Natürlich verändert die Digitalisierung die Arbeitswelt. Auf eine Kleine Anfrage der Grünen hat die Bundesregierung mitgeteilt, dass in den 91.000 Unternehmen der digitalen Wirtschaft mehr als 1 Millionen Beschäftigte arbeiten. Der Anteil der digitalen Wirtschaft an der gewerblichen Wertschöpfung beträgt 4,7 Prozent – das liegt gleichauf mit dem Automobilbau. In der Antwort der Bundesregierung heißt es weiter, dass die digitalen Technologien neue Arbeitsplätze schaffen, auf der anderen Seite aber durch Rationalisierung und Automatisierung eben solche wegfallen. Die Bundesregierung meint: „Der Saldo aus neu entstehenden und wegfallenden Arbeitsplätzen durch die Digitalisierung ist wegen der Vielzahl von Einflussfaktoren und aufgrund der Schwierigkeiten der Konstruktion einer kontrafaktischen Entwicklung nur unter bestimmten Bedingungen abschätzbar.“ In der Wissenschaft ist ein Streit entbrannt, in welchem Umfang Erwerbsarbeitsplätze wegfallen werden. Auf der einen Seite stehen Osborne/Frey mit ihrer Studie, nach der bis zu 47 Prozent der derzeitigen Erwerbsarbeitsplätze wegfallen könnten 1). Auch Brynjolfsson/McAffee teilen weitgehend diese These 2). Andere sehen eher die Option, dass Erwerbsarbeitsplätze geschaffen werden 3). Politik muss auf die neuen Entwicklungen antworten, aber die Antwort kann eben nicht ein 10-Stunden-Arbeitstag sein, sondern muss eher in Richtung 6-Stunden-Arbeitstag gehen.
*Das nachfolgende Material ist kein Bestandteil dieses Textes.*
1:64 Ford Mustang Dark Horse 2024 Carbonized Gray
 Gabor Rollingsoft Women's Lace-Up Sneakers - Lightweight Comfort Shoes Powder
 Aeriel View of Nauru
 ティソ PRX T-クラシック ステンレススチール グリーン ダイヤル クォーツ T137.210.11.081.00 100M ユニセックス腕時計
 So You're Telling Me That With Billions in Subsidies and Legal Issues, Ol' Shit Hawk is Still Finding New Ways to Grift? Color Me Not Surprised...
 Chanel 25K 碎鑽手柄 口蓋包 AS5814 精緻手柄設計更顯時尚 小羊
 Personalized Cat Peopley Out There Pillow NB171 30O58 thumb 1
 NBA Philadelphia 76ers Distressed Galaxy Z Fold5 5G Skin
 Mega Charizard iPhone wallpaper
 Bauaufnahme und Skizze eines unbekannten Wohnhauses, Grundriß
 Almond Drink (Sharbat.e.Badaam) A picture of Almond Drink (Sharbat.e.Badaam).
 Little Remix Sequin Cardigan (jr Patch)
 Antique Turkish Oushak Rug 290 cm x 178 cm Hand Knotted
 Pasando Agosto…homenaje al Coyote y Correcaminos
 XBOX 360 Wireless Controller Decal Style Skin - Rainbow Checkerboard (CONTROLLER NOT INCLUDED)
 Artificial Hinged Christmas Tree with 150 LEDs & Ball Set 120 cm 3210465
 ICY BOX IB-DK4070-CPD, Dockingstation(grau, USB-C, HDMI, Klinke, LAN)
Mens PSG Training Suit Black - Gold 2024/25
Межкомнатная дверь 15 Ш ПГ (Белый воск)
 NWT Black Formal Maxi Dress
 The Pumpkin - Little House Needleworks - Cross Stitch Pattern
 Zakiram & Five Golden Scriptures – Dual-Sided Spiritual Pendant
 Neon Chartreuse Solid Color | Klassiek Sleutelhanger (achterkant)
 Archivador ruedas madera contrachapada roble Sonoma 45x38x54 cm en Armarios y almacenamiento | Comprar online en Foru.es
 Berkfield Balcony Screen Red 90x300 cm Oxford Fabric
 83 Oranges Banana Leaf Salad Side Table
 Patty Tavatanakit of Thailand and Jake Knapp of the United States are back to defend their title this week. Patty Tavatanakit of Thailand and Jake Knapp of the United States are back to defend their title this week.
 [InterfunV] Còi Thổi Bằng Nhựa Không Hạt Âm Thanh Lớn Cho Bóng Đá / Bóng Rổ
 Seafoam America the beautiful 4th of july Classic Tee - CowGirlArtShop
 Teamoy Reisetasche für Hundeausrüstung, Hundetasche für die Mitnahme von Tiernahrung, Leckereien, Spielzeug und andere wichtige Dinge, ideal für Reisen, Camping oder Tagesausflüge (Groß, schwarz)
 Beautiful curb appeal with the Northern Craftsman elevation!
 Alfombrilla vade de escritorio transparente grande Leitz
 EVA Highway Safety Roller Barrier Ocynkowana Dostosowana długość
DIE LINKE streitet aber nicht nur für eine Verringerung der täglichen Arbeitszeit. Natürlich würde es uns freuen, wenn im Jahr 2018 der 8-Stunden-Arbeitstag keinen hundertsten Geburtstag feiert, aber der 6-Stunden-Arbeitstag eingeführt wird. DIE LINKE setzt sich für Erwerbsarbeitnehmerinnen und -arbeitnehmer ein, hat aber auch die so genannten Crowdworker, die sich auf diversen Plattformen um meist schlecht bezahlte Aufträge “prügeln”, im Blick. Für sie gibt es keinen 8-Stunden-Tag, und sie fallen nicht unter den schon zu gering ausfallenden Mindestlohn. Aber auch sie sollen Mindeststandards für ihre Erwerbstätigkeit haben. Warum denken wir nicht mal über ein Mindesthonorar nach?